* EXERCISE *
Give back an exact copy of the lines in the records below, from the line that has "Mehmond Political Intzamia" through the line that has "2023年各大加密货币交易所的对比与推荐", and nothing besides.

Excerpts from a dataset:
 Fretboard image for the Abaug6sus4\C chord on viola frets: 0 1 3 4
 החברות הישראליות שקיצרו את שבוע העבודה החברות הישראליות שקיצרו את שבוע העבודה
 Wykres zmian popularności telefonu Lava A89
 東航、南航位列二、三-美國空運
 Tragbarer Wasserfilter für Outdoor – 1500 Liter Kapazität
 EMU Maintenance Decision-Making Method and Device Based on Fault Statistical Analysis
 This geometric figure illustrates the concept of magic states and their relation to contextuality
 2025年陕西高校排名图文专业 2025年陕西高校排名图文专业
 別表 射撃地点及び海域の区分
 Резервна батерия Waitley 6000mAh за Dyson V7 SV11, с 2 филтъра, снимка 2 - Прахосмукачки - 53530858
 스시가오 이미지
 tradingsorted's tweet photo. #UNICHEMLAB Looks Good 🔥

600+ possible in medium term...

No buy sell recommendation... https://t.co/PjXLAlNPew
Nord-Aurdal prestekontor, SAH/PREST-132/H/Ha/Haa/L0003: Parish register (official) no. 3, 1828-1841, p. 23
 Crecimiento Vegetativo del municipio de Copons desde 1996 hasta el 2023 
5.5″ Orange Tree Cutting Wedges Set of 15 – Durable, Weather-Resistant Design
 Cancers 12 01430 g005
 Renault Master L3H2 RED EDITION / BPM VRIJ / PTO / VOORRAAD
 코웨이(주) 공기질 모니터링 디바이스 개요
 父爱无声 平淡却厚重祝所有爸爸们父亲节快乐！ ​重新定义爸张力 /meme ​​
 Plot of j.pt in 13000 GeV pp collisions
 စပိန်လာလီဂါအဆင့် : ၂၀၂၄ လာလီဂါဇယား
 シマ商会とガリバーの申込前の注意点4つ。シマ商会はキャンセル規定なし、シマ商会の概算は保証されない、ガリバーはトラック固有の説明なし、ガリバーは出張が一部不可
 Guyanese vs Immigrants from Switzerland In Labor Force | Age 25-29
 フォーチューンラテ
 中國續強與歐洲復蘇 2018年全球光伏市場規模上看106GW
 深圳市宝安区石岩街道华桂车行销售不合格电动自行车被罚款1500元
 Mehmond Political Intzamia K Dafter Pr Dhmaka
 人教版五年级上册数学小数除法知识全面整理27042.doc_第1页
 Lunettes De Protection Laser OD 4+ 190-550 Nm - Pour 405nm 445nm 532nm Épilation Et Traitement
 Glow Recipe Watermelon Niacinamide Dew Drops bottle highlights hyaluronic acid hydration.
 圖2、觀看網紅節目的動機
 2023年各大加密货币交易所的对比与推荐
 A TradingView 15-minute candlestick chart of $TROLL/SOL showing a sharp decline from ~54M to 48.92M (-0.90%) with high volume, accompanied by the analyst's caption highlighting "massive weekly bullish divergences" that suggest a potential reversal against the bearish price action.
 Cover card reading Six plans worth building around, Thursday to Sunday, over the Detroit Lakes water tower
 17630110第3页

* ANSWER TO THIS TASK *
 Mehmond Political Intzamia K Dafter Pr Dhmaka
 人教版五年级上册数学小数除法知识全面整理27042.doc_第1页
 Lunettes De Protection Laser OD 4+ 190-550 Nm - Pour 405nm 445nm 532nm Épilation Et Traitement
 Glow Recipe Watermelon Niacinamide Dew Drops bottle highlights hyaluronic acid hydration.
 圖2、觀看網紅節目的動機
 2023年各大加密货币交易所的对比与推荐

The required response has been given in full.